AMON AMARTH, yükselişine tanık olmaktan dolayı zevk duyduğum grupların başında geliyor. “The Avenger” ile tanıştığım grubun ta o zamandan günümüze gelişine bire bir tanık olmak, o zamanlar adı pek az yerde geçen bu grubun Viking metalin, hatta melodik death metalin zirvesine çıkışını izlemek, gerçekten de hoş bir tecrübeydi. “Wrath of the Norsemen” DVD’sindeki röportajda “Bir gün başka işlerde çalışmak zorunda olmadan, sadece müzik yaparak yaşayabilmenin hayalini kuruyoruz” diyen Johan Hegg ve grubunun,bu demeçten çok kısa bir süre sonra bu hayaline ulaşmış oluşu, bir müziksever olarak beni memnun ediyor.

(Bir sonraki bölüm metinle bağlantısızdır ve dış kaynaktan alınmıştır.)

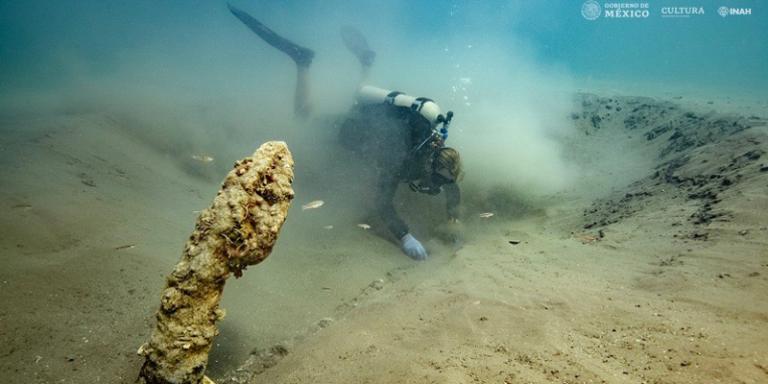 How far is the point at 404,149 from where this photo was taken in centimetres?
616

Evet. AMON AMARTH bugün dünyanın en meşhur gruplarından biri. Sevmeyeni az, seveni enginlere sığmaz. Kendi tarzlarını, tınılarını oturtmuş olmaları; melodileriyle on binlerce insanı kendilerine bağlamaları; geleneksel heavy metale dayanmış sırtları ve yeterince yaratıcı olmazsanız gayet sıkışıp kalabileceğiniz bir tür içinde hala yaratıcı işler ortaya koyabilmeleri, grubun en büyük artıları.

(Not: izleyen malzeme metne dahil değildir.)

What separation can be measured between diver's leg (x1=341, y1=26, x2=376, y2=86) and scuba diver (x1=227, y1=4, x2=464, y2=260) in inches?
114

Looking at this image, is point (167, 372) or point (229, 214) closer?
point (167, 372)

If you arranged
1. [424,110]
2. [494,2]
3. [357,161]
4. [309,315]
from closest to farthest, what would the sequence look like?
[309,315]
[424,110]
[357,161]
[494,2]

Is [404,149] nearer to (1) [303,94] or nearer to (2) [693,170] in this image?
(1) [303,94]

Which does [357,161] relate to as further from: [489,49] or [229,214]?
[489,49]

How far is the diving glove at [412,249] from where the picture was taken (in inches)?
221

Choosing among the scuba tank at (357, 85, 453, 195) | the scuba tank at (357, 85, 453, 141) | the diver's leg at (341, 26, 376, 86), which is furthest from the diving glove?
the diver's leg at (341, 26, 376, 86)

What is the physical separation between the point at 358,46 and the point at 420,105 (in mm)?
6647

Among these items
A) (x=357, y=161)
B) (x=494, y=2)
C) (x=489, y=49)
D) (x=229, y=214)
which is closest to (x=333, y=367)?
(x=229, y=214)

“With Oden on Our Side”a tapan, ancak “Twilight of the Thunder God”ı şöyle böyle seven bir hayranları olarak, “Surtur Rising”e temkinli yaklaşmayı düşünüyordum. Dediğim gibi, türün fazla denemeye yer bırakmayan keskin çizimli sınırları, AMON AMARTH’ı da pek çok orta ve üstü ölçekteki grubun düştüğü çukurayuvarlanmaya zorlayabilirdi. Zira SOILWORK, ARCH ENEMY ve CHILDREN OF BODOM gibi grupların kendilerini tekrar eder yapıları hepimizin malumuydu. Dahası, bu keskin sınırları kırmaya çalışan IN FLAMES, DARK TRANQUILLITY gibi grupların AMON AMARTH için referans teşkil etmedikleri de açıktı. AMON AMARTH’ın ne yapabileceği, ne yapamayacağı, öz tınısından ne derece uzaklaşabileceği belliydi. AMON AMARTH, sadece AMON AMARTH olabilirdi.

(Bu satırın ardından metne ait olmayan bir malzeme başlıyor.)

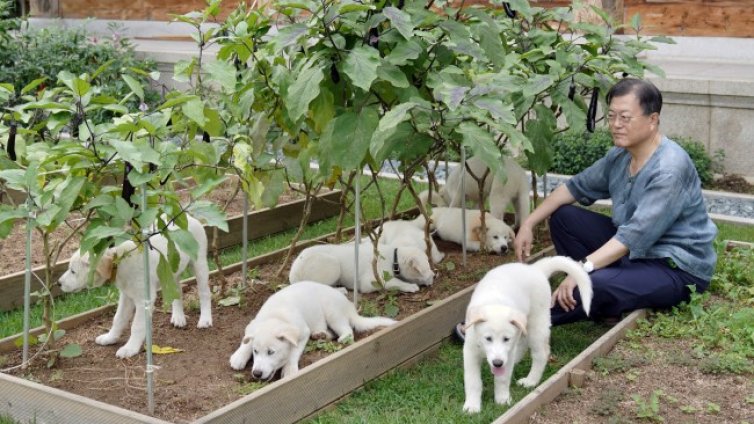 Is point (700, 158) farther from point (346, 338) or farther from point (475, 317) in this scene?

“Surtur Rising” büyük beklenti ve umutlarla çıktı. Grubu az çok dinleyen herkes AMON AMARTH’tan nasıl bir şey bekleyeceğini bildiğinden, kimsede fazla bir şaşırma, şoke olma durumu yaşandığını sanmıyorum. Grubun ilk birkaç dinlemede anlaşılan, hatta ezberlenen şarkı yapıları gereği, çoğu insan abüme dair fikirlerini kısa sürede oluşturmuştur diye düşünüyorum. İlk hissiyatım, grubun kendini tekrar etmeme adına ufak da olsa tatlar katarak müziğini zenginleştirme yoluna gitmiş oluşuydu. Örneğin Slaves of Fear, nispeten Töck’s Taunt – Loke’s Treachery Part II, A Beast I Am ve Doom Over Dead Man, AMON AMARTH’ın önceki şarkılarında sürekli rastlamadığımız fikirler içeren yapıtlar. Diğer yandan AMON AMARTH’ın uzun süreli kariyerinde benzerlerini çok duyduğumuz şarkılar da “Surtur Rising”i onurlandırmayı sürdürüyorlar.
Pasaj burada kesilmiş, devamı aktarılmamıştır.